(Supplied data Opens)

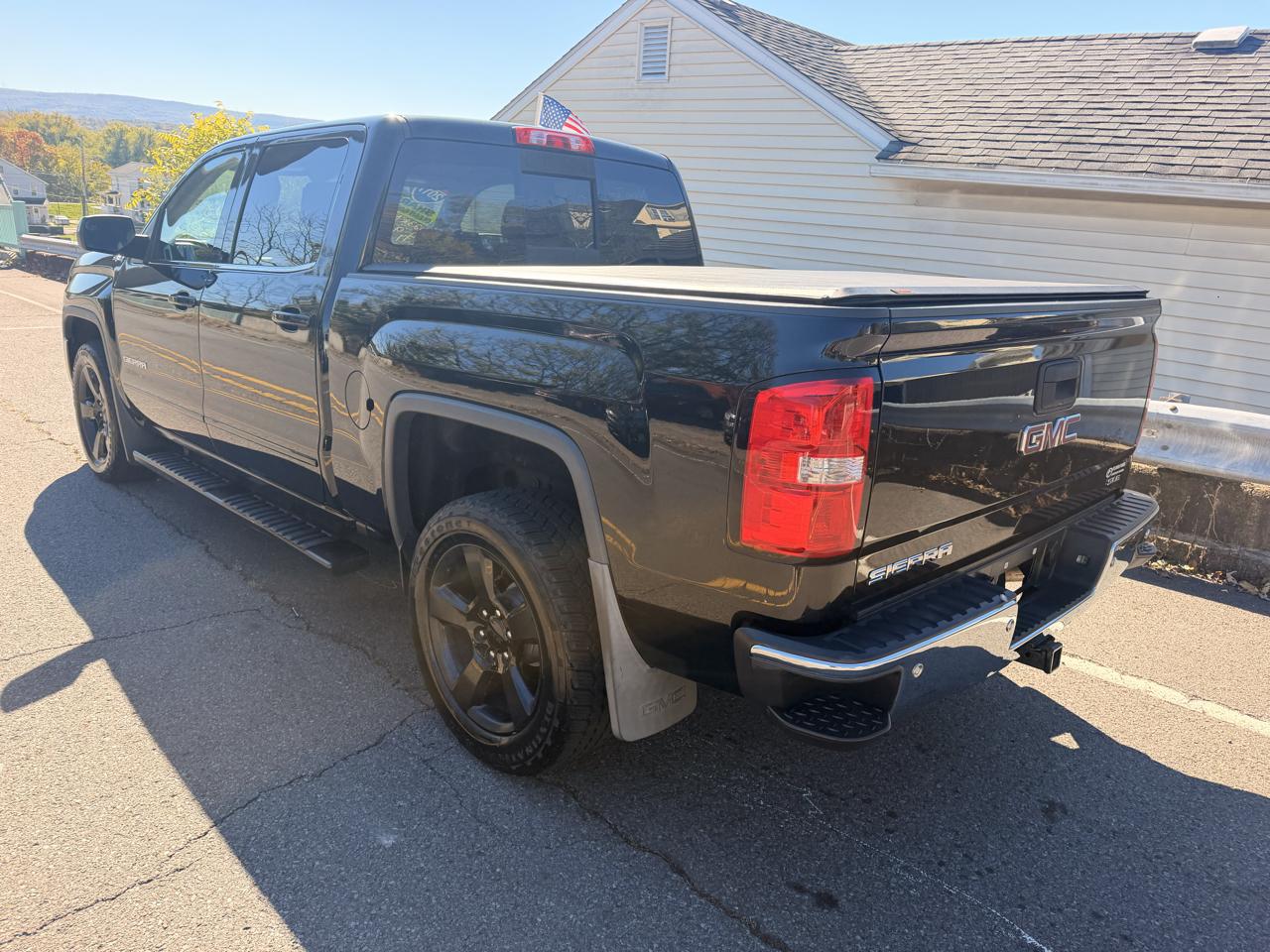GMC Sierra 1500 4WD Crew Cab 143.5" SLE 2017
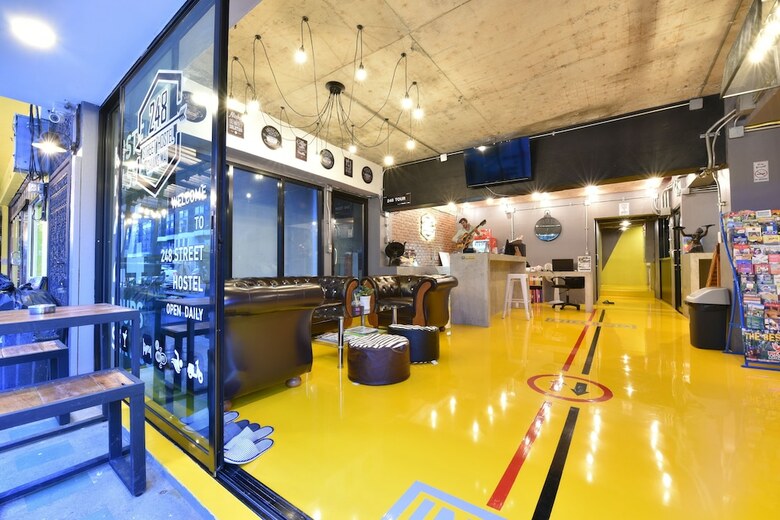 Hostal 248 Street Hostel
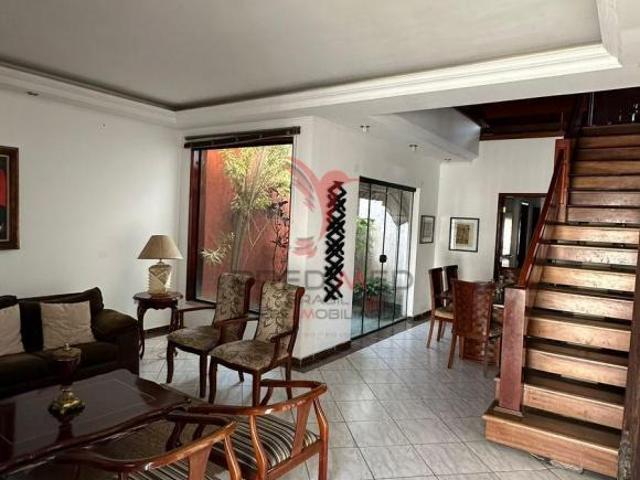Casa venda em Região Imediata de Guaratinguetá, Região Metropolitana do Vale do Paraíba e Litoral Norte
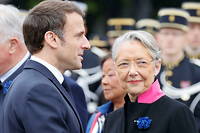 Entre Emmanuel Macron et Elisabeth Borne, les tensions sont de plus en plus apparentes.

(Supplied data Closes)
(Supplied data Opens)

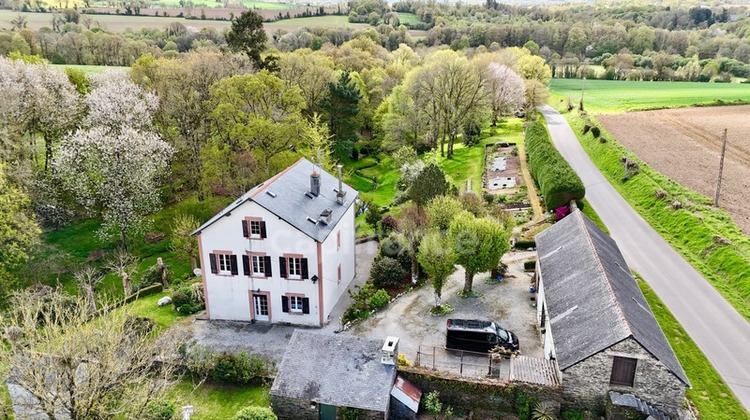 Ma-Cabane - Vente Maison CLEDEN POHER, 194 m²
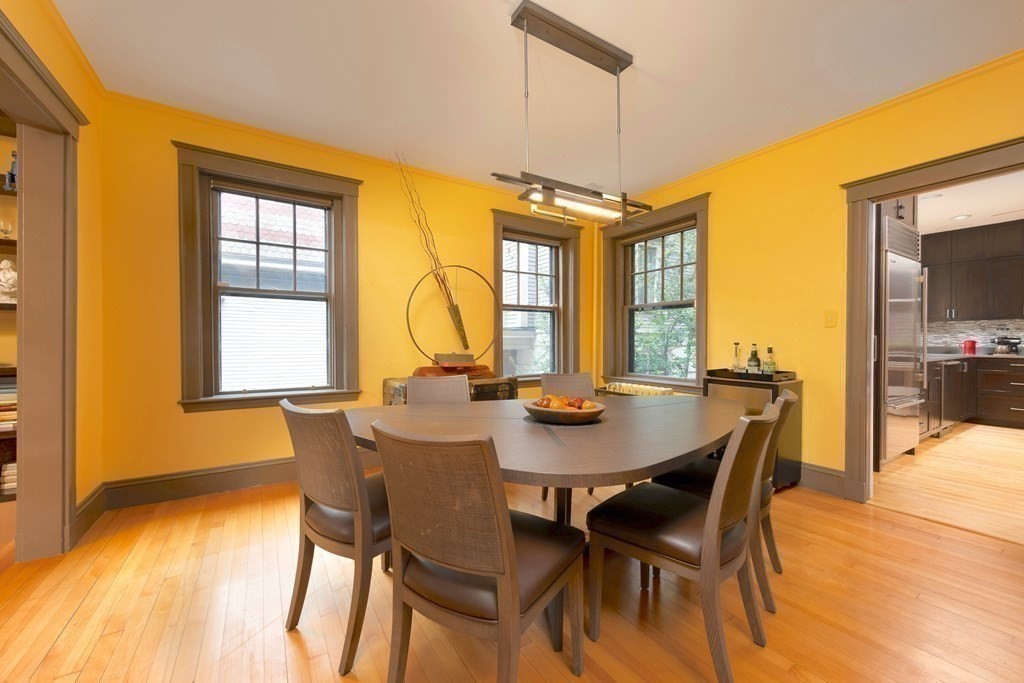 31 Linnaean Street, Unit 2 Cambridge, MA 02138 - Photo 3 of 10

(Supplied data Closes)

= Problem to solve =
Extract the part of the records that opens with the line containing "GMC Sierra 1500" and closes with the line containing "Entre Emmanuel Macron". Take only those lines, exactly, and no pictures.

= Answer space =
GMC Sierra 1500 4WD Crew Cab 143.5" SLE 2017
 Hostal 248 Street Hostel
Casa venda em Região Imediata de Guaratinguetá, Região Metropolitana do Vale do Paraíba e Litoral Norte
 Entre Emmanuel Macron et Elisabeth Borne, les tensions sont de plus en plus apparentes.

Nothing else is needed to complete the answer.